Treasury Secretary Janet Yellen told lawmakers that the government would run out of options to service the debt by Oct. 18.

Republicans have refused to cooperate to raise the debt limit, saying they do not want to help Democrats spend more money. Democrats point out that much of the nation’s debt was incurred during Trump’s presidency.

On Tuesday, Senate Democratic Leader Chuck Schumer said he would propose a vote to raise the debt limit, which could pass with just the support of the chamber’s 48 Democrats and the two independents allied with them — as long as Republicans agreed to hold the vote.

“If Republicans really want to see the debt limit raised without providing a single vote, I’m prepared to hold that vote,” Schumer said on the Senate floor.

But that seemed to be headed for defeat, as Cruz said he would block the vote. “He’s playing games,” Cruz told reporters.

The House also will hold votes to extend government funding and raise the debt limit in the coming days, said Steny Hoyer, the chamber’s No. 2 Democrat.

Democrats could opt to fold a debt-limit increase into a $3.5 trillion spending bill that would expand the nation’s safety net, Hoyer said. They have already set up special rules that would allow that package to pass the Senate without Republican support.

But Democrats are still negotiating the size and contents of that package, and it could take several weeks to clear Congress and reach Biden’s desk — dangerously close to the Oct. 18 debt-limit deadline.

“Frankly, it isn’t really practical for us to consider that,” Dick Durbin, the Senate’s No. 2 Democrat, said on MSBC.

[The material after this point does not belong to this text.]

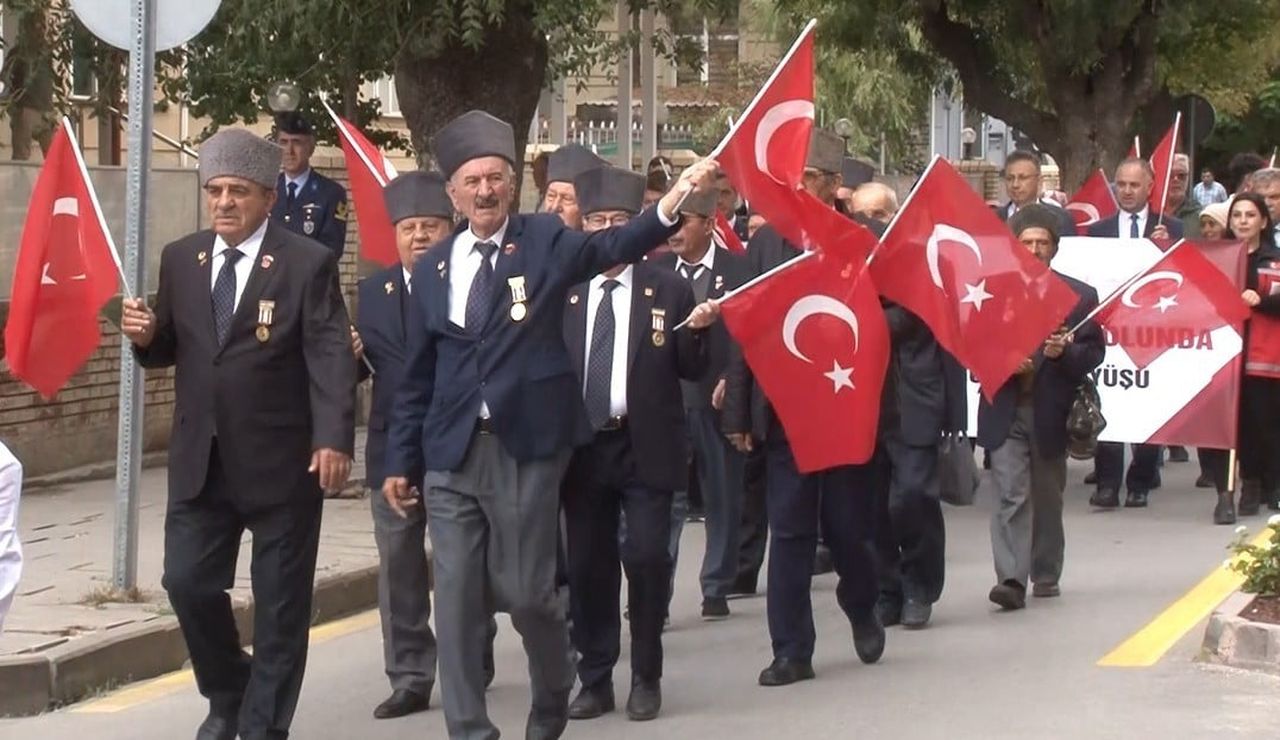 ESKİŞEHİR'DE 19 EYLÜL GAZİLER GÜNÜ KUTLAMALARI KAPSAMINDA BANDO YÜRÜYÜŞÜ...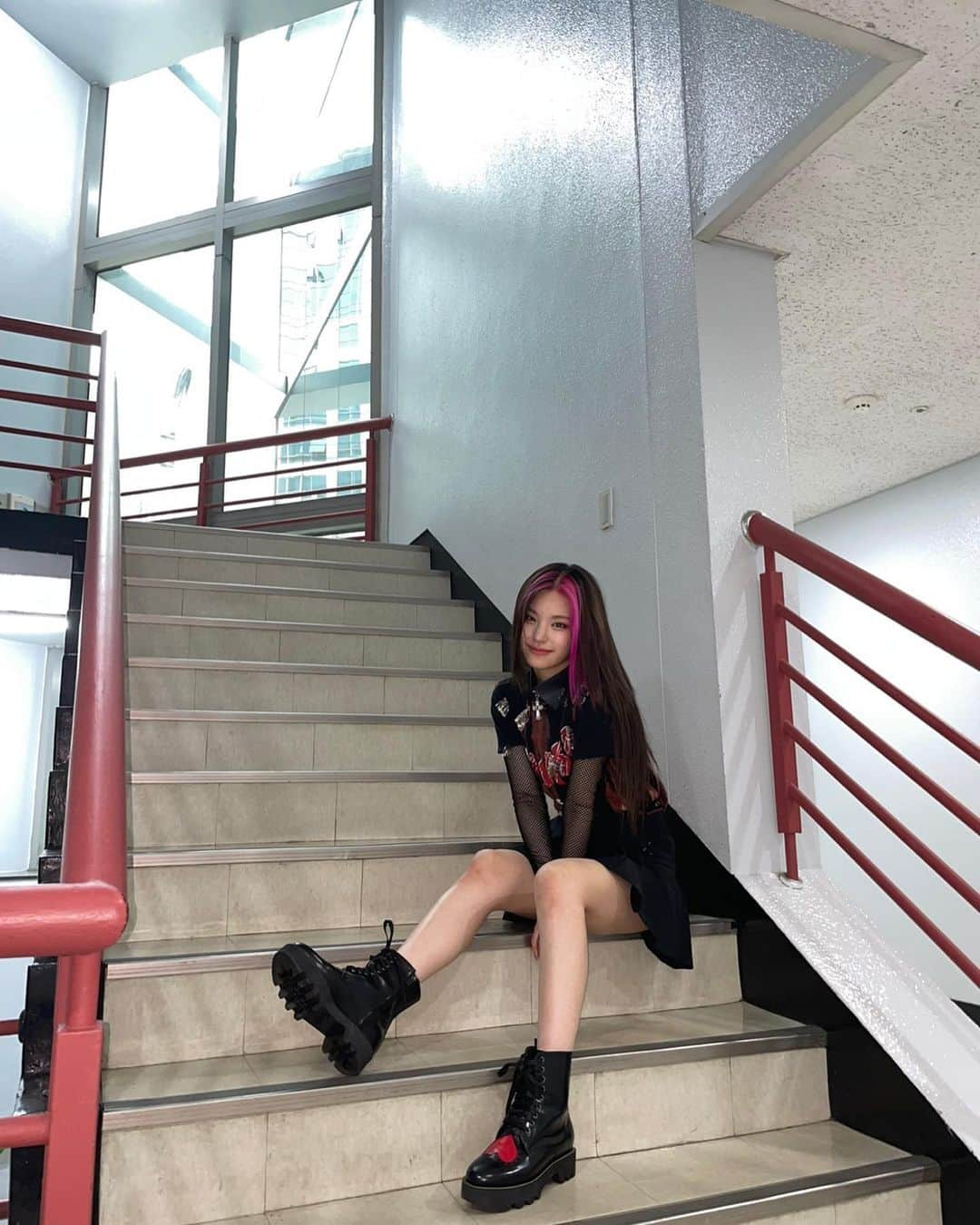 ITZYさんのインスタグラム写真 - (ITZYInstagram)「LOCO❤ 🔥❤ 🔥❤ 🔥」10月11日 18時45分 - itzy.all.in.us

Democrats had originally planned to handle the social-spending bill, championed by the party’s left wing, in tandem with a $1.1 trillion infrastructure package that has drawn bipartisan support. But they have scheduled a Thursday vote in the House for the infrastructure bill, even though the social-spending bill is still being negotiated.

Lawmakers on the party’s left worry that package could fall by the wayside if Congress prioritizes spending on highways, broadband and other infrastructure.